------ Provided records ------
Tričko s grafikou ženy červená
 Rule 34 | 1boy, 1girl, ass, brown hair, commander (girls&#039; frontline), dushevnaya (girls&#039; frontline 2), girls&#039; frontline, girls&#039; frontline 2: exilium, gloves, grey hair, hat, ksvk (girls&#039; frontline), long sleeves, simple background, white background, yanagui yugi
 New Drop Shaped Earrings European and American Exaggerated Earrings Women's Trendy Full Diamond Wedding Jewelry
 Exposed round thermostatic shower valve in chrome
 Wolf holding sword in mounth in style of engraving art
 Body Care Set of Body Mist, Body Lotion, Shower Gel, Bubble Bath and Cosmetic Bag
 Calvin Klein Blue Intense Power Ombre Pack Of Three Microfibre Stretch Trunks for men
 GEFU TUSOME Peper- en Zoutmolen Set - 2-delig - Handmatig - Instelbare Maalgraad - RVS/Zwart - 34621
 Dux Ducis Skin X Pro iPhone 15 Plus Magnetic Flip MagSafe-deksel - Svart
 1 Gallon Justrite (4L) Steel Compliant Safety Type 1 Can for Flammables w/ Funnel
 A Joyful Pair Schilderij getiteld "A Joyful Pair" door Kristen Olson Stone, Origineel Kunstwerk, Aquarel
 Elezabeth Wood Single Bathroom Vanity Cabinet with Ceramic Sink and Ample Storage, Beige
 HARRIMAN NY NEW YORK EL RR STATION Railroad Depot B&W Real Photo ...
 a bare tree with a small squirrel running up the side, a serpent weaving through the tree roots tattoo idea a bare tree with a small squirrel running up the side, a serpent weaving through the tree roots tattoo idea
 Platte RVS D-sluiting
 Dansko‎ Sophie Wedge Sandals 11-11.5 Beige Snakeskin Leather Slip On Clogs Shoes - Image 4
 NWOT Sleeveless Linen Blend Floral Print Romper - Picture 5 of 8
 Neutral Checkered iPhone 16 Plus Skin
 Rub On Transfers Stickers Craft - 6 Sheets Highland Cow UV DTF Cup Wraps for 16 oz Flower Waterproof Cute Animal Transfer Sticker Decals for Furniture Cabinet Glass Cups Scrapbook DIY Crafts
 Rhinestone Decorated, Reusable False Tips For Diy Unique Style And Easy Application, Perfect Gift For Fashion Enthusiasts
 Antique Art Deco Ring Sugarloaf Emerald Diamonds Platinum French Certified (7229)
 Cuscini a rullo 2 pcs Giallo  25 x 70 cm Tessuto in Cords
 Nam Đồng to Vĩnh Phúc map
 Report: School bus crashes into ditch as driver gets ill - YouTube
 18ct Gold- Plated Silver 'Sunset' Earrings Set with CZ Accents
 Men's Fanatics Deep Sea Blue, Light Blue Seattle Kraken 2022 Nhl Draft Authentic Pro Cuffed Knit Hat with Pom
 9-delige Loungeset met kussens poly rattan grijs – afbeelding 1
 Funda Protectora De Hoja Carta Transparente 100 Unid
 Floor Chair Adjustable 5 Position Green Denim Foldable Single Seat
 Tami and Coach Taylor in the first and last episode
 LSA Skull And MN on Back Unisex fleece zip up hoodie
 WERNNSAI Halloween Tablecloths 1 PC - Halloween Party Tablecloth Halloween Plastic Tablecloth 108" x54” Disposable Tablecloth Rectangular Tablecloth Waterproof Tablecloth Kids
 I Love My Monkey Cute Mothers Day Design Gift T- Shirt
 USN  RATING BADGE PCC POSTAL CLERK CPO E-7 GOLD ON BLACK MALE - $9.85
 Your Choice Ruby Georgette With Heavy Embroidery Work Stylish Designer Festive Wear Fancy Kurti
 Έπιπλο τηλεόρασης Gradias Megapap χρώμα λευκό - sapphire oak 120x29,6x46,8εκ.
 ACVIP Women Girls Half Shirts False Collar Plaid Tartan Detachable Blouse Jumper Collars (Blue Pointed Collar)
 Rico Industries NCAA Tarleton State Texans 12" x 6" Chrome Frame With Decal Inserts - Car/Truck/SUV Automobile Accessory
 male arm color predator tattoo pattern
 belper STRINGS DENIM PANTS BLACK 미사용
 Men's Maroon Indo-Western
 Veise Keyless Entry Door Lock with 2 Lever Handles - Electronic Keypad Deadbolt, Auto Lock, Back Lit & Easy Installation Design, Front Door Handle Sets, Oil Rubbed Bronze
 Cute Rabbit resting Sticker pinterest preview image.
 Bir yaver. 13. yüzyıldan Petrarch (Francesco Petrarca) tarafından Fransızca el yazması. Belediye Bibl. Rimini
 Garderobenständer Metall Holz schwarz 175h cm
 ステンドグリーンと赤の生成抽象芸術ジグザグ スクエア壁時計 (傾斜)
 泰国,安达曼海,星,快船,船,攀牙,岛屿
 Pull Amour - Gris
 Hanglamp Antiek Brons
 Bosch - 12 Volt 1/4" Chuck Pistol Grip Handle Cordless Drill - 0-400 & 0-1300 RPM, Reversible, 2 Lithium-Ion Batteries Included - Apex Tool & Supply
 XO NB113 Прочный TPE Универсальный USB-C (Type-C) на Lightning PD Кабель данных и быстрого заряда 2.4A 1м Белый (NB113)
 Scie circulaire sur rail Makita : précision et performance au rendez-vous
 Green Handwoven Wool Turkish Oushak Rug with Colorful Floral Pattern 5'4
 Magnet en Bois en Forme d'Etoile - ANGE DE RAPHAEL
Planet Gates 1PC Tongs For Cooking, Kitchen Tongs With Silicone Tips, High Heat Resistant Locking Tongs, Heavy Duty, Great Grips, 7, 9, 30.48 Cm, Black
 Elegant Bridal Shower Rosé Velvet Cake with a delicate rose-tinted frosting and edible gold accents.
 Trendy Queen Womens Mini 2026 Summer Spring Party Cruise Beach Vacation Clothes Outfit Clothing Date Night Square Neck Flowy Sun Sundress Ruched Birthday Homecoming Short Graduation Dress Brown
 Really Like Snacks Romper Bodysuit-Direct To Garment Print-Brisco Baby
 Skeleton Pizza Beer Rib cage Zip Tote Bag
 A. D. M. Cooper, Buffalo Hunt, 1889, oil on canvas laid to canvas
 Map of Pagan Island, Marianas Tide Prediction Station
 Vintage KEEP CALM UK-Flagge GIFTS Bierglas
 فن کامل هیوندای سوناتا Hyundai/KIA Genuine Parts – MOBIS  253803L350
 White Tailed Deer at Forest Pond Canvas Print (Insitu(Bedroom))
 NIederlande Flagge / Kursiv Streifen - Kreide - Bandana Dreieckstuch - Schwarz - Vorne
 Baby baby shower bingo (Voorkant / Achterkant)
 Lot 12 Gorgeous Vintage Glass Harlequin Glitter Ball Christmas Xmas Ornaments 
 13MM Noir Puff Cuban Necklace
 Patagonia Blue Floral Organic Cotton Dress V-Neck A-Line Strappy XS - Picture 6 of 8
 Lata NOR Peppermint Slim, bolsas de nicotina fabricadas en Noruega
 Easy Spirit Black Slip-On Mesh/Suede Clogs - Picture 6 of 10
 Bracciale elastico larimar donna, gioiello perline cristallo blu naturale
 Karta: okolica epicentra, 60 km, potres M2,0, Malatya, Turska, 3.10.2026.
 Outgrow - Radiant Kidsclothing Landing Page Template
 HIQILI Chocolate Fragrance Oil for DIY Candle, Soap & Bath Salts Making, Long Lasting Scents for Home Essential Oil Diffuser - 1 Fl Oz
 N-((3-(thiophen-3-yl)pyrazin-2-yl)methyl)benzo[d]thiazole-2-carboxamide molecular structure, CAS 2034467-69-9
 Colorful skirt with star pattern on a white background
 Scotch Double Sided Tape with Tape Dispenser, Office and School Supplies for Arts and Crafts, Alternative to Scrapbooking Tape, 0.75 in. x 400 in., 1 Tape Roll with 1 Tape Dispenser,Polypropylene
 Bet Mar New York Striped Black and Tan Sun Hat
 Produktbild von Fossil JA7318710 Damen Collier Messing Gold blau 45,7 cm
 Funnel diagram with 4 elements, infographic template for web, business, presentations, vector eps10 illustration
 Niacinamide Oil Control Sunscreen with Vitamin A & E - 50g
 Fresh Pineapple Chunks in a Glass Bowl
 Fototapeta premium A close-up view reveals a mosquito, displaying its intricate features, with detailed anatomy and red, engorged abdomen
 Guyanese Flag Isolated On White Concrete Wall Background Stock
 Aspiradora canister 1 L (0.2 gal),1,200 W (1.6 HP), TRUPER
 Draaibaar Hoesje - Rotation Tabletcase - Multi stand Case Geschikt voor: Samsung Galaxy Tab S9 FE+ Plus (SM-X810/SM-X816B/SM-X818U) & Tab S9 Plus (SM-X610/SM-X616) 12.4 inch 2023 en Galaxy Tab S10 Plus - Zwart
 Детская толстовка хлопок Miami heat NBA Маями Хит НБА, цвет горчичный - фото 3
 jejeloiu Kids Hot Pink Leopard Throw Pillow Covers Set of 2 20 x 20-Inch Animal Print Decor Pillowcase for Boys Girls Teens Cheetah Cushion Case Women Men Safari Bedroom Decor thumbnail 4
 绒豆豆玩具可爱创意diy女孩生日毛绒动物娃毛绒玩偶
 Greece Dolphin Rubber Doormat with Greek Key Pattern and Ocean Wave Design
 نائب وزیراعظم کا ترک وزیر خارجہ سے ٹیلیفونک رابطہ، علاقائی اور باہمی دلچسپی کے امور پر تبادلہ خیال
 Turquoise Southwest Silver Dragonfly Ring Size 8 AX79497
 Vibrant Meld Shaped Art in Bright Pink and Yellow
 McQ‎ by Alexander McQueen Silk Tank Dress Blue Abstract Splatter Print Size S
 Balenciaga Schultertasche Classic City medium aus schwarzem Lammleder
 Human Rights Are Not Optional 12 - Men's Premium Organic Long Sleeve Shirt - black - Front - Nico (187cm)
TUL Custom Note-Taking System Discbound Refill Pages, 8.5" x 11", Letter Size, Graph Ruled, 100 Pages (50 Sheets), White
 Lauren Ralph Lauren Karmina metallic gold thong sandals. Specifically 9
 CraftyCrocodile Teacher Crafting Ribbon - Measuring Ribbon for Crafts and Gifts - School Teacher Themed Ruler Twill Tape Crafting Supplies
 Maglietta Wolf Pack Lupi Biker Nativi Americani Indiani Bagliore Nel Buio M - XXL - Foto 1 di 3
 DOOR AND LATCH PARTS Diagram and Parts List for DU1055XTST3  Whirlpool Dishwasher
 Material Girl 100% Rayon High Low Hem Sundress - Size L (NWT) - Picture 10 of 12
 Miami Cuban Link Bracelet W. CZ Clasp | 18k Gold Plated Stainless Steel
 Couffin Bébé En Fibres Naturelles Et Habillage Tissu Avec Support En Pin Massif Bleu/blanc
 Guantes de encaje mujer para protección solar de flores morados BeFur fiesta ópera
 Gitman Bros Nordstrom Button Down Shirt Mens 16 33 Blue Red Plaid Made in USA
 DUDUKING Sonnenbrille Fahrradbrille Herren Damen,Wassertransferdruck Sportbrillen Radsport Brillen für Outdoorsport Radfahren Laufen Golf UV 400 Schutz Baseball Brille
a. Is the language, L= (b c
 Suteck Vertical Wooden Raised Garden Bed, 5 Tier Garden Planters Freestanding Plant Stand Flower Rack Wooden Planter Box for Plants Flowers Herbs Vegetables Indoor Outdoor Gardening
------
Exercise details
Your answer should consist only of the lines above between the line holding "Elezabeth Wood Single" and the line holding "Rhinestone Decorated, Reusable", inclusive, each transcribed exactly.

Task response
 Elezabeth Wood Single Bathroom Vanity Cabinet with Ceramic Sink and Ample Storage, Beige
 HARRIMAN NY NEW YORK EL RR STATION Railroad Depot B&W Real Photo ...
 a bare tree with a small squirrel running up the side, a serpent weaving through the tree roots tattoo idea a bare tree with a small squirrel running up the side, a serpent weaving through the tree roots tattoo idea
 Platte RVS D-sluiting
 Dansko‎ Sophie Wedge Sandals 11-11.5 Beige Snakeskin Leather Slip On Clogs Shoes - Image 4
 NWOT Sleeveless Linen Blend Floral Print Romper - Picture 5 of 8
 Neutral Checkered iPhone 16 Plus Skin
 Rub On Transfers Stickers Craft - 6 Sheets Highland Cow UV DTF Cup Wraps for 16 oz Flower Waterproof Cute Animal Transfer Sticker Decals for Furniture Cabinet Glass Cups Scrapbook DIY Crafts
 Rhinestone Decorated, Reusable False Tips For Diy Unique Style And Easy Application, Perfect Gift For Fashion Enthusiasts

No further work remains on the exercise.